Task brief |
In the records below, find the line containing "Тўлиқ ҳужжатли 6 сотихли ҳовли учун жой" and the line containing "トーア東尾久マンションのエン". Give again exactly those lines and every line between them, omitting the pictures.

*** Opening Provided data ***

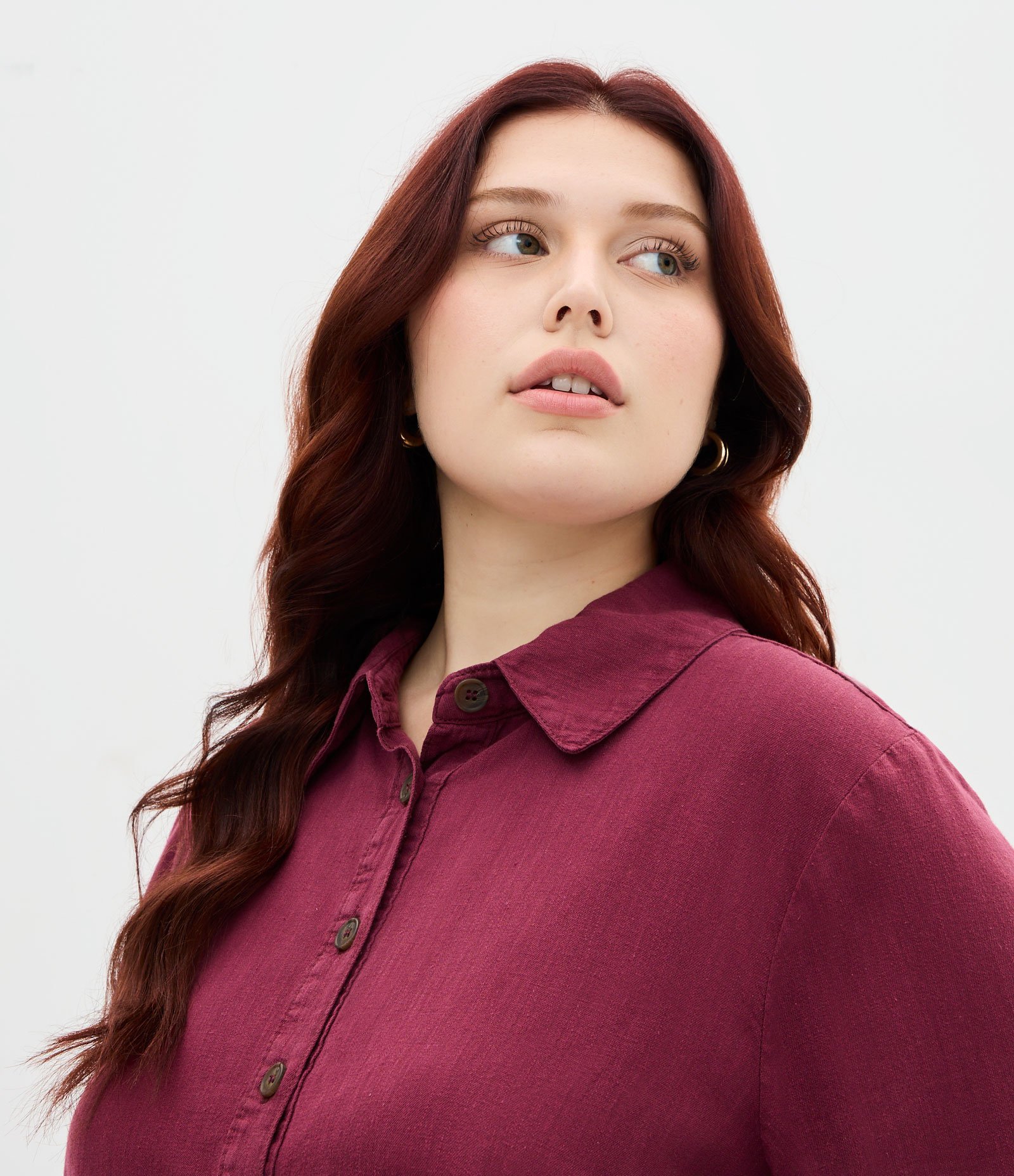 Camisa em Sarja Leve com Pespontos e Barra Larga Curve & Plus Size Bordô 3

*** Closing Provided data ***
*** Opening Provided data ***

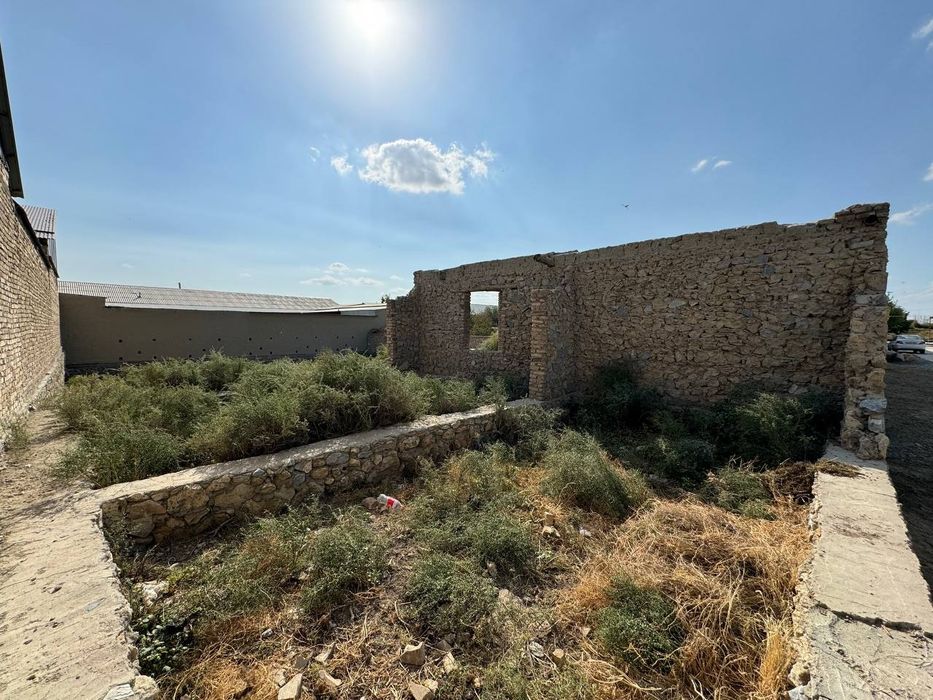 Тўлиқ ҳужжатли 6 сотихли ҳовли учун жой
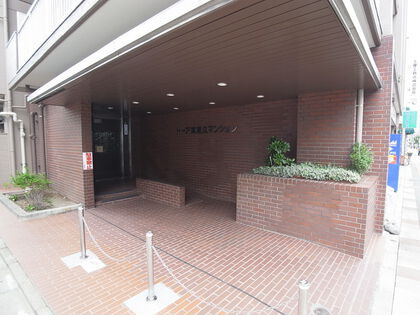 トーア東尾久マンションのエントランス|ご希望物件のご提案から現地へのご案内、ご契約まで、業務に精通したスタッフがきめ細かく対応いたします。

*** Closing Provided data ***
*** Opening Provided data ***

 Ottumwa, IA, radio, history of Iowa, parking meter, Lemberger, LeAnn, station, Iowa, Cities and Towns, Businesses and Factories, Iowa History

*** Closing Provided data ***

Problem solution |
 Тўлиқ ҳужжатли 6 сотихли ҳовли учун жой
 トーア東尾久マンションのエントランス|ご希望物件のご提案から現地へのご案内、ご契約まで、業務に精通したスタッフがきめ細かく対応いたします。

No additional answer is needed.